What needs to be done:
Repeat the listing below verbatim, without its images.

Supplied material:
== Segment start ==

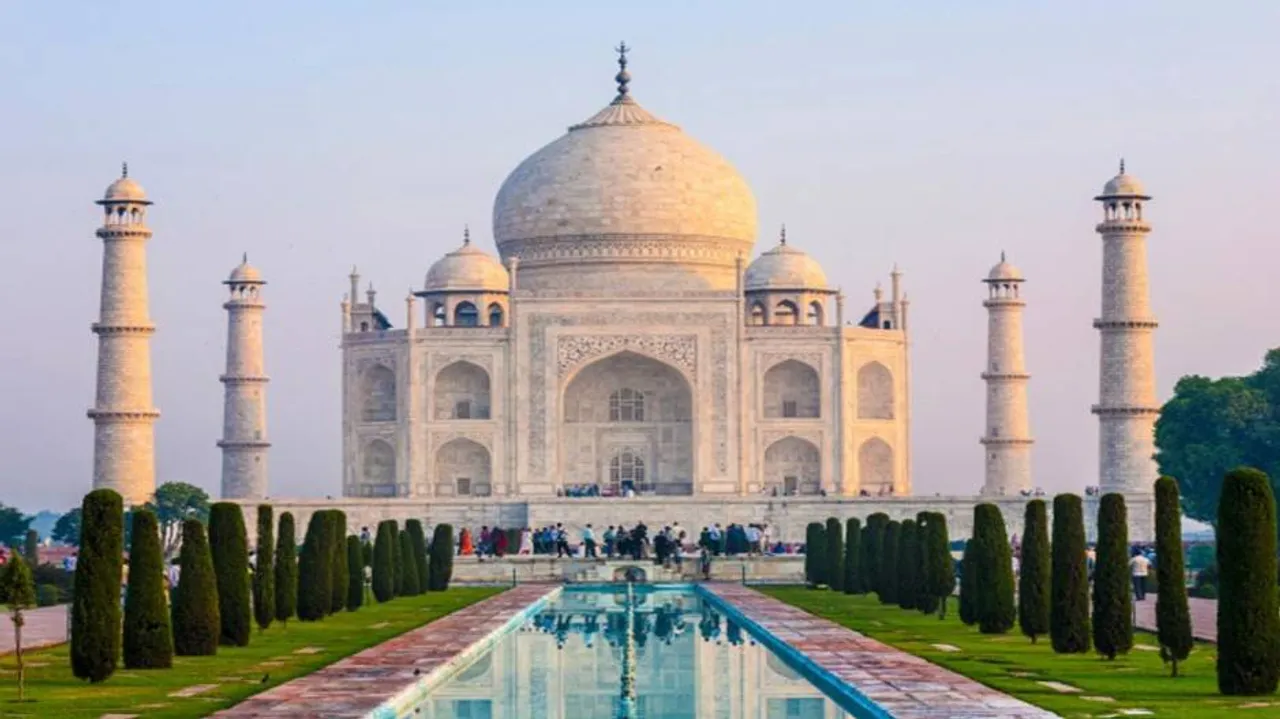 International students asked to solve Taj Mahal's yellowing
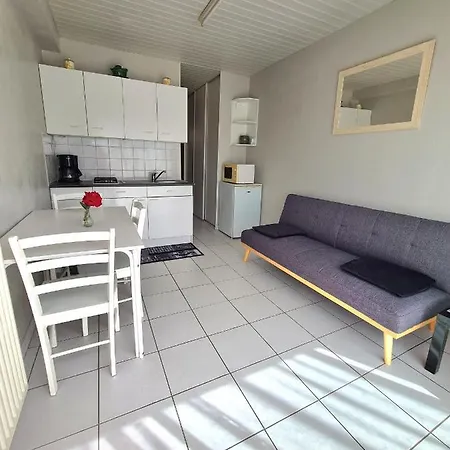 2 Appartements Separes 2 Et 5 Couchages Au Rez-De-Chaussee A Chambretaud, 5 Min Puy Du Fou Exterior photo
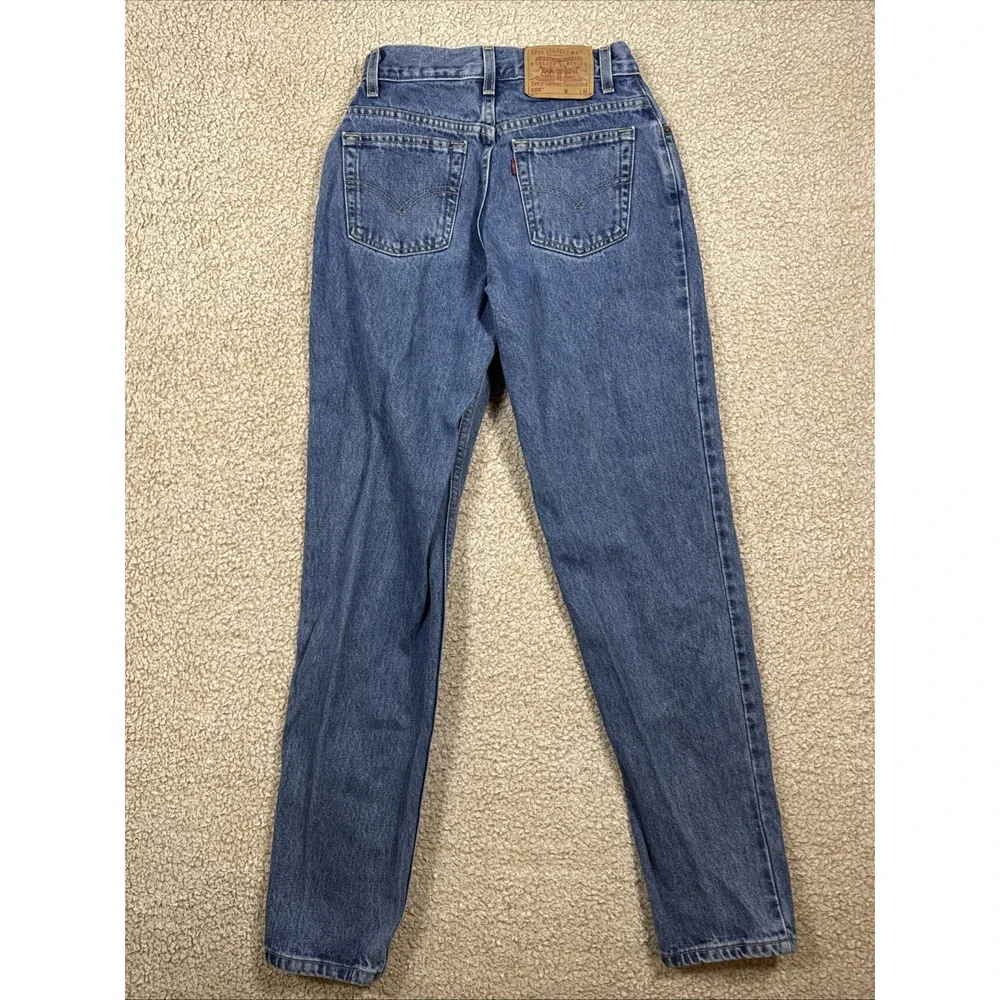 Vintage Levi's 550 Jeans Fits 26x32 Medium Wash Relaxed Tapered Batwing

== Segment end ==

Task answer:
 International students asked to solve Taj Mahal's yellowing
 2 Appartements Separes 2 Et 5 Couchages Au Rez-De-Chaussee A Chambretaud, 5 Min Puy Du Fou Exterior photo
 Vintage Levi's 550 Jeans Fits 26x32 Medium Wash Relaxed Tapered Batwing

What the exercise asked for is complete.